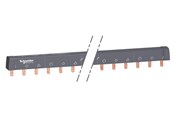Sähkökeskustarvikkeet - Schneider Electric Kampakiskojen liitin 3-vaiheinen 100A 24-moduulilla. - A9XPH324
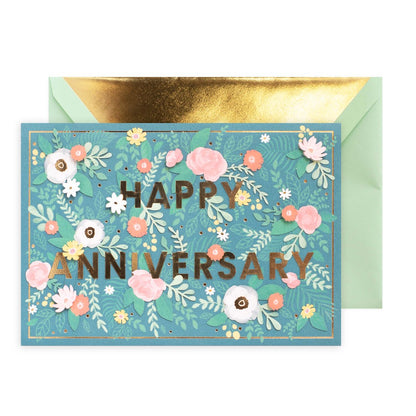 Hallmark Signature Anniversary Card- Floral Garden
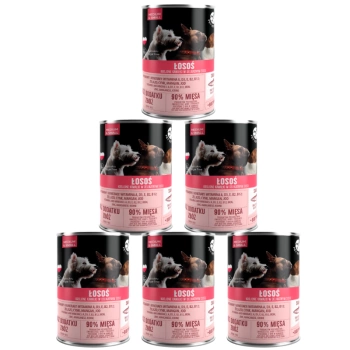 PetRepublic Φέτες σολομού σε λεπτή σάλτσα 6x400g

------------------------------------

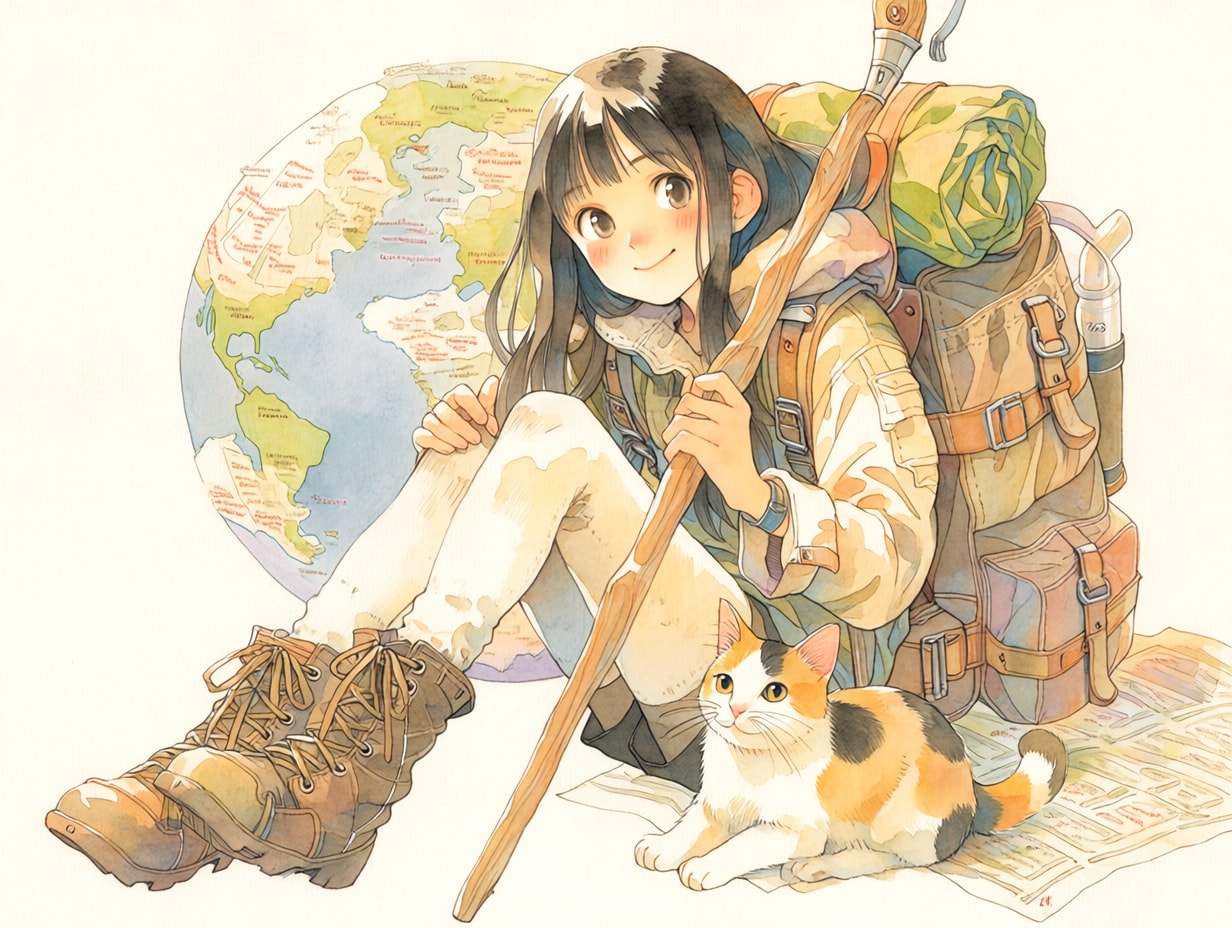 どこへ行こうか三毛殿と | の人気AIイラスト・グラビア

------------------------------------

-- Exercise requirements --
Reproduce the lines above beginning at the line that contains "Sähkökeskustarvikkeet - Schneider" and ending at the line that contains "PetRepublic Φέτες σολομού". No pictures.

-- Solved exercise --
Sähkökeskustarvikkeet - Schneider Electric Kampakiskojen liitin 3-vaiheinen 100A 24-moduulilla. - A9XPH324
 Hallmark Signature Anniversary Card- Floral Garden
 PetRepublic Φέτες σολομού σε λεπτή σάλτσα 6x400g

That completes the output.